== Segment start ==

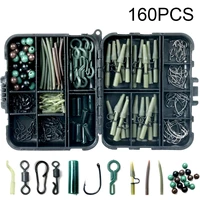 160pcsset rolling swivels line aligners multi clips hooks rubber beads anti tangle sleeves carp fishing tackle accessories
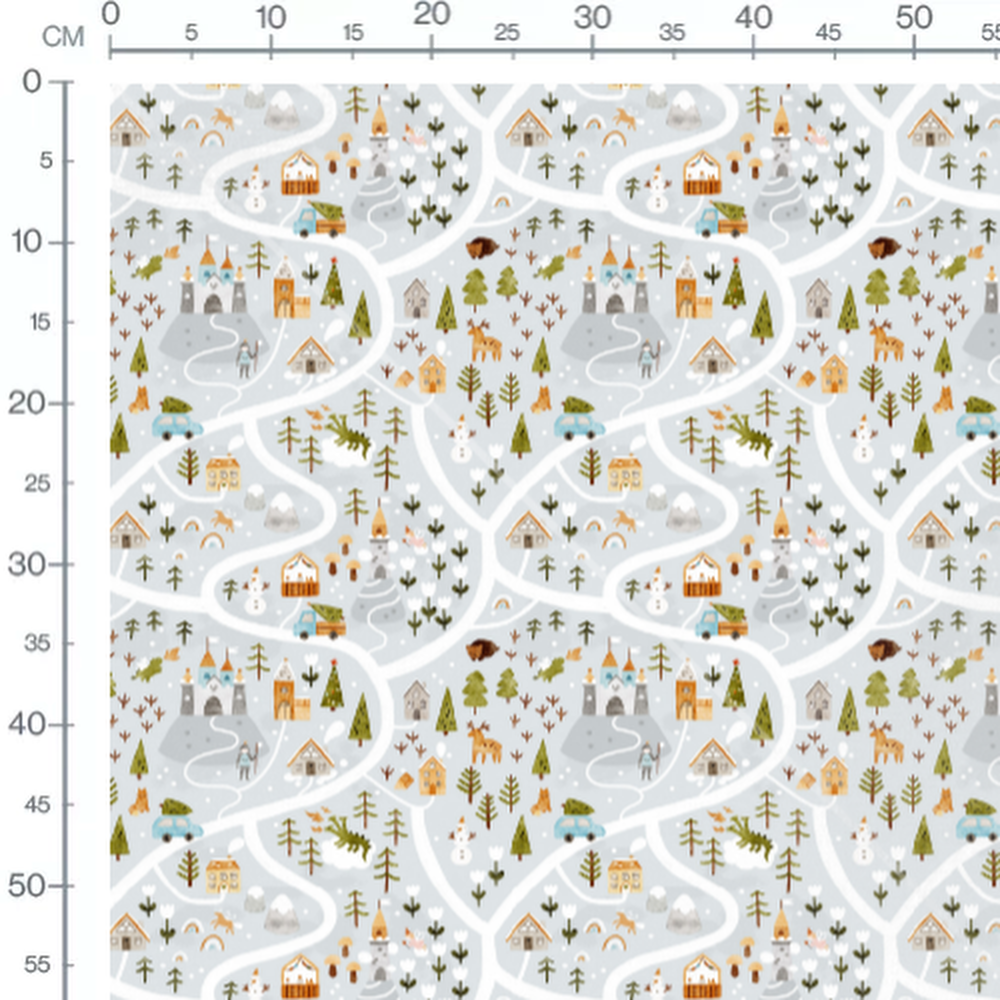 Tissu - Village féerique enneigé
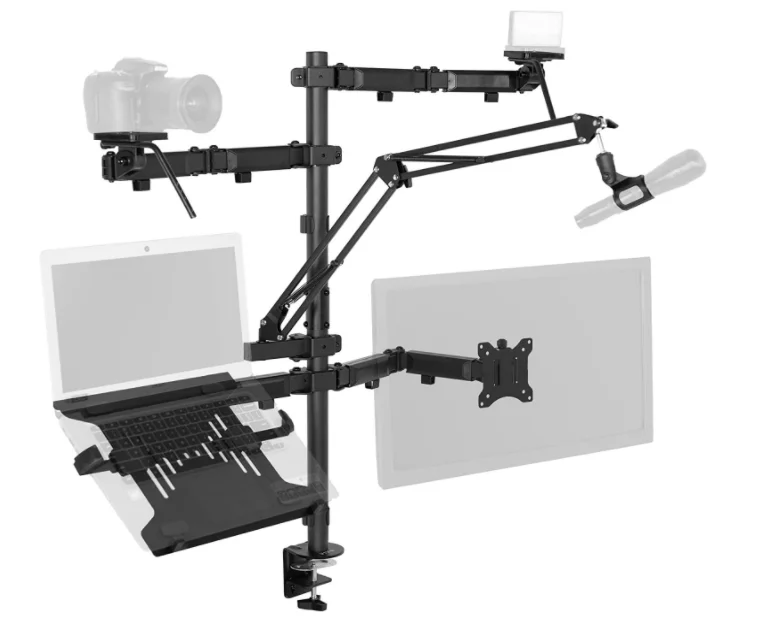 Computer Studio Desk Mount Dual Monitor Mount Laptop Stand Live stream Arms Compatible Cameras Lighting tablets bracket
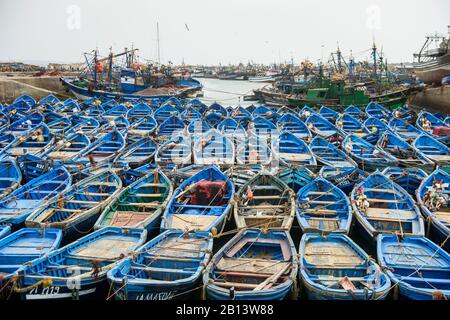 Parking Bateau, Essaouira, Maroc Banque D'Images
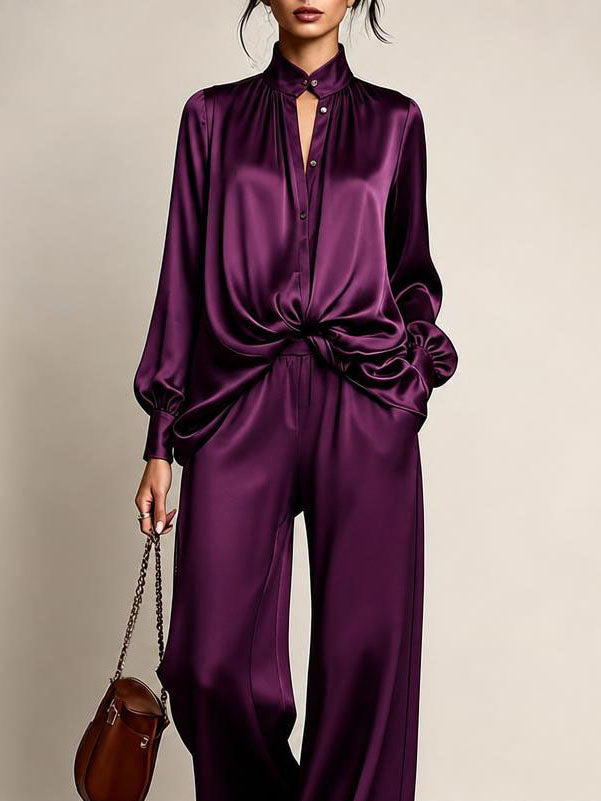 Gertrude™ Gathered Waist Wide-Leg Two-Piece Set in Plum, stand collar and button front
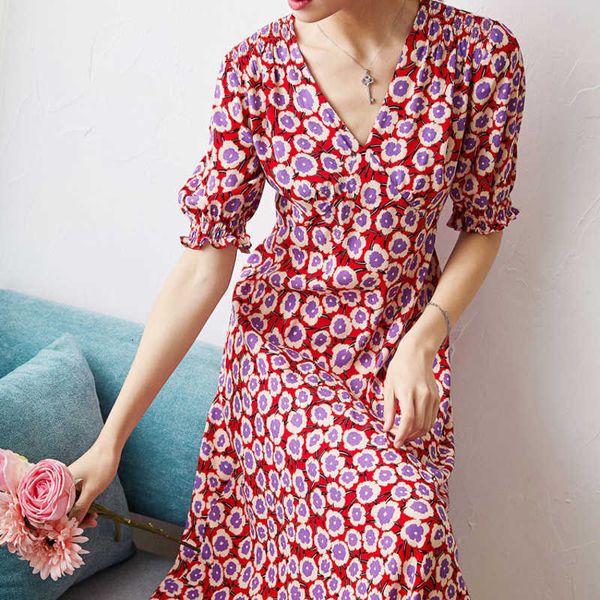 

casual dresses silk dress printed flower short floral show thin line female middle length rkb0, Black;gray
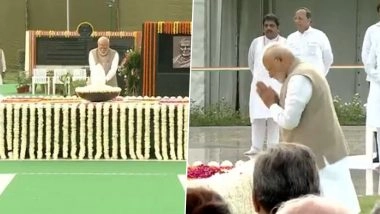 Atal Bihari Vajpayee Punyatithi 2025: PM Narendra Modi Pays Floral Tributes to Former Prime Minister on His Death Anniversary at ‘Sadaiv Atal’ (Watch Video)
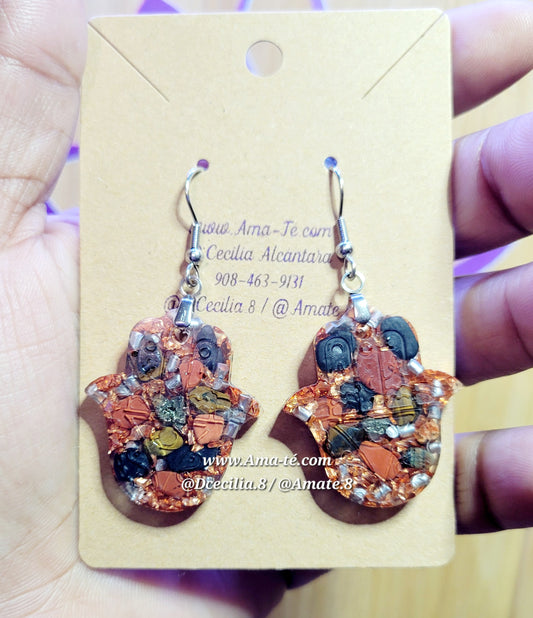Arestes Orgonita Manito De Fatima | Hamsa Hand Orgonite Earrings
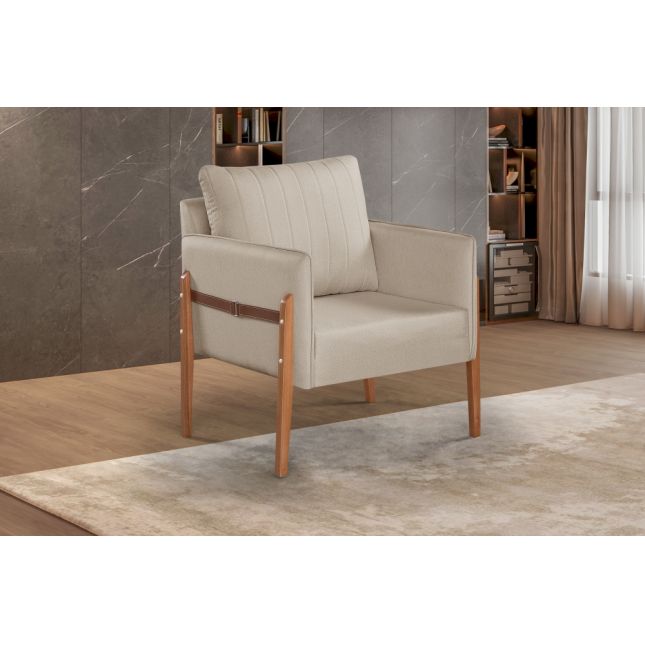 Poltrona Orion Linho Bege 1053 House Deccor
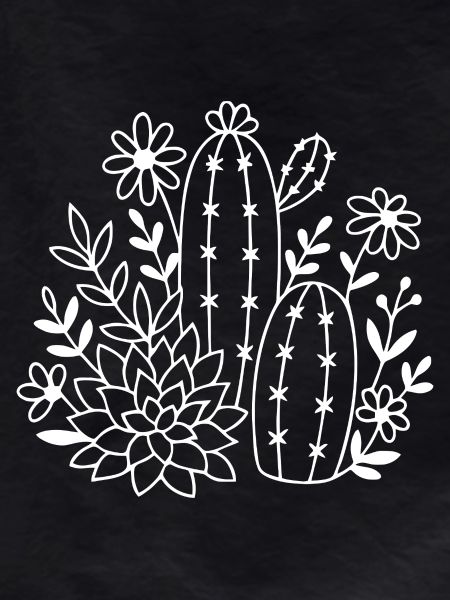 Elegant Cactus Botanical Outline Design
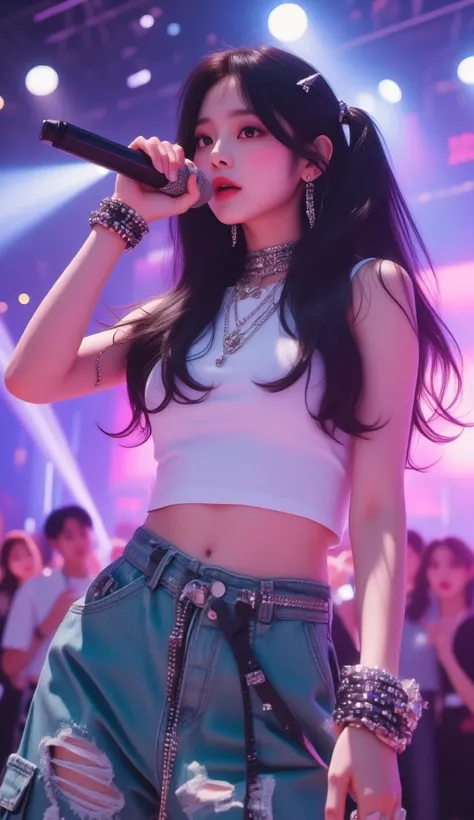 Masterpiece, Best Quality, Ultra Detailed, jiyeon_oc:1.2, Photorealistic, 8K, cinematic lighting,
A dynamic dutch angle shot of a beautiful Korean female hip-hop artist, stage name 'JIYEON', performing live on a music show stage.
She is holding a microphon...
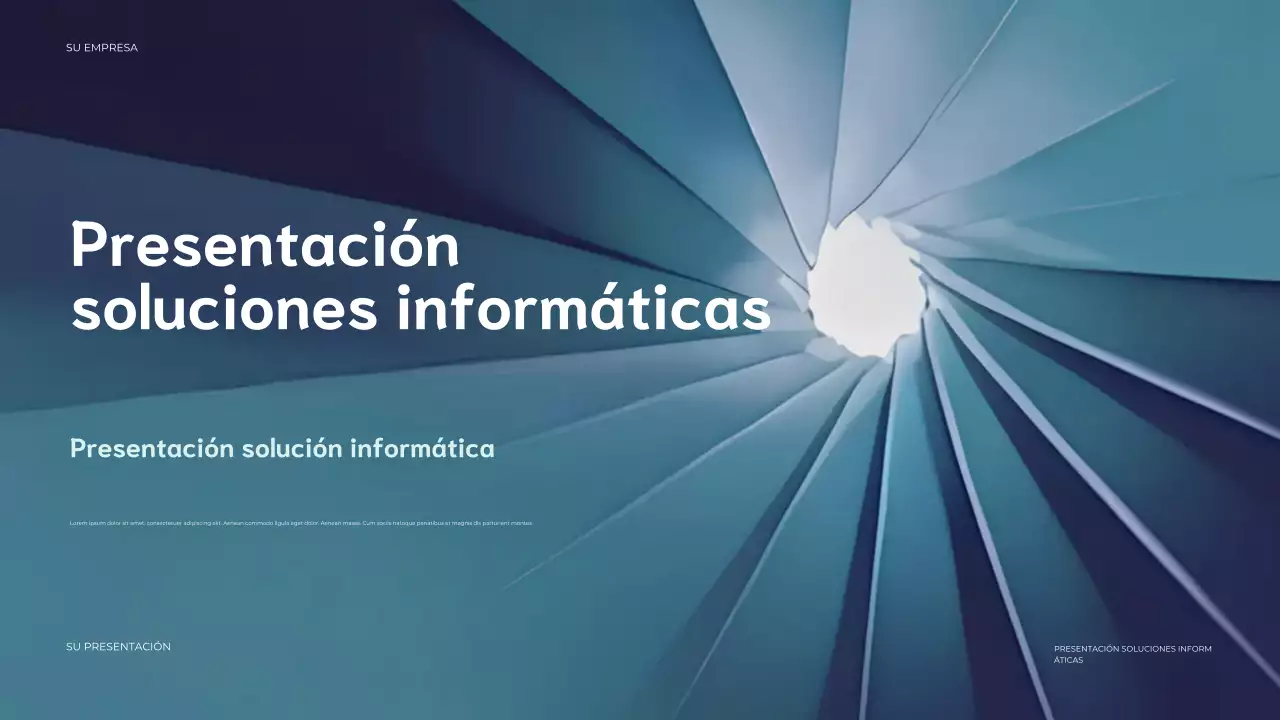 Presentación de TI moderna en color azul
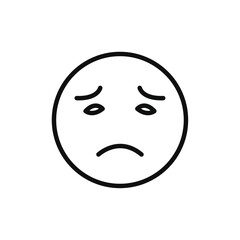 Sad, upset or lonely emoticon icon line art vector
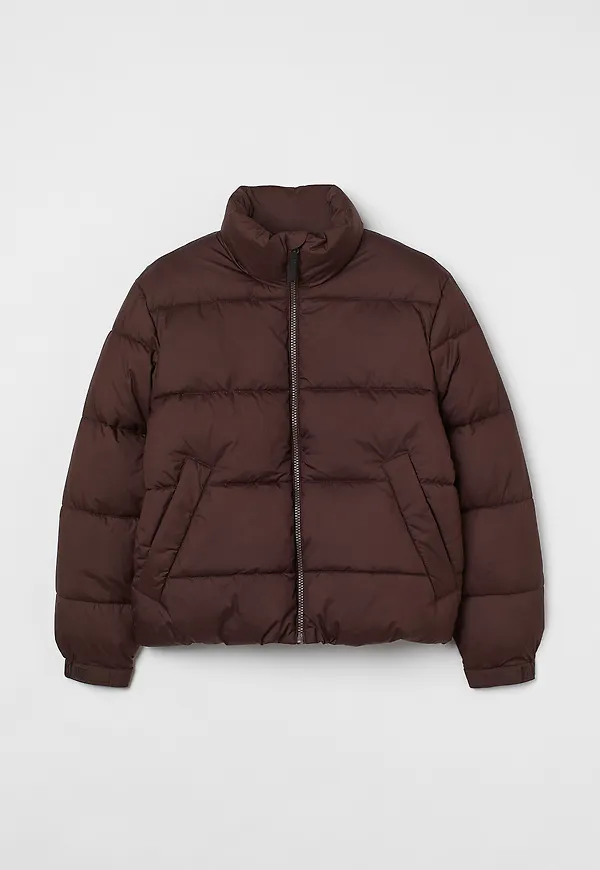 H&M Vattenavvisande Pufferjacka Brun, Jackor i storlek S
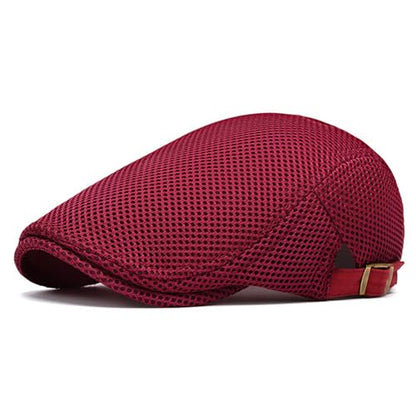 Mens Mesh Cap Flat Ivy Gatsby Newsboy Beret Driving Hat Adjustable Breathable Summer Hats - color: Wine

== Segment end ==

Print all the entries exactly as they appear, without the pictures.

▶ _Completed task_:
 160pcsset rolling swivels line aligners multi clips hooks rubber beads anti tangle sleeves carp fishing tackle accessories
 Tissu - Village féerique enneigé
 Computer Studio Desk Mount Dual Monitor Mount Laptop Stand Live stream Arms Compatible Cameras Lighting tablets bracket
 Parking Bateau, Essaouira, Maroc Banque D'Images
 Gertrude™ Gathered Waist Wide-Leg Two-Piece Set in Plum, stand collar and button front

casual dresses silk dress printed flower short floral show thin line female middle length rkb0, Black;gray
 Atal Bihari Vajpayee Punyatithi 2025: PM Narendra Modi Pays Floral Tributes to Former Prime Minister on His Death Anniversary at ‘Sadaiv Atal’ (Watch Video)
Arestes Orgonita Manito De Fatima | Hamsa Hand Orgonite Earrings
 Poltrona Orion Linho Bege 1053 House Deccor
 Elegant Cactus Botanical Outline Design
 Masterpiece, Best Quality, Ultra Detailed, jiyeon_oc:1.2, Photorealistic, 8K, cinematic lighting,
A dynamic dutch angle shot of a beautiful Korean female hip-hop artist, stage name 'JIYEON', performing live on a music show stage.
She is holding a microphon...
 Presentación de TI moderna en color azul
 Sad, upset or lonely emoticon icon line art vector
 H&M Vattenavvisande Pufferjacka Brun, Jackor i storlek S
 Mens Mesh Cap Flat Ivy Gatsby Newsboy Beret Driving Hat Adjustable Breathable Summer Hats - color: Wine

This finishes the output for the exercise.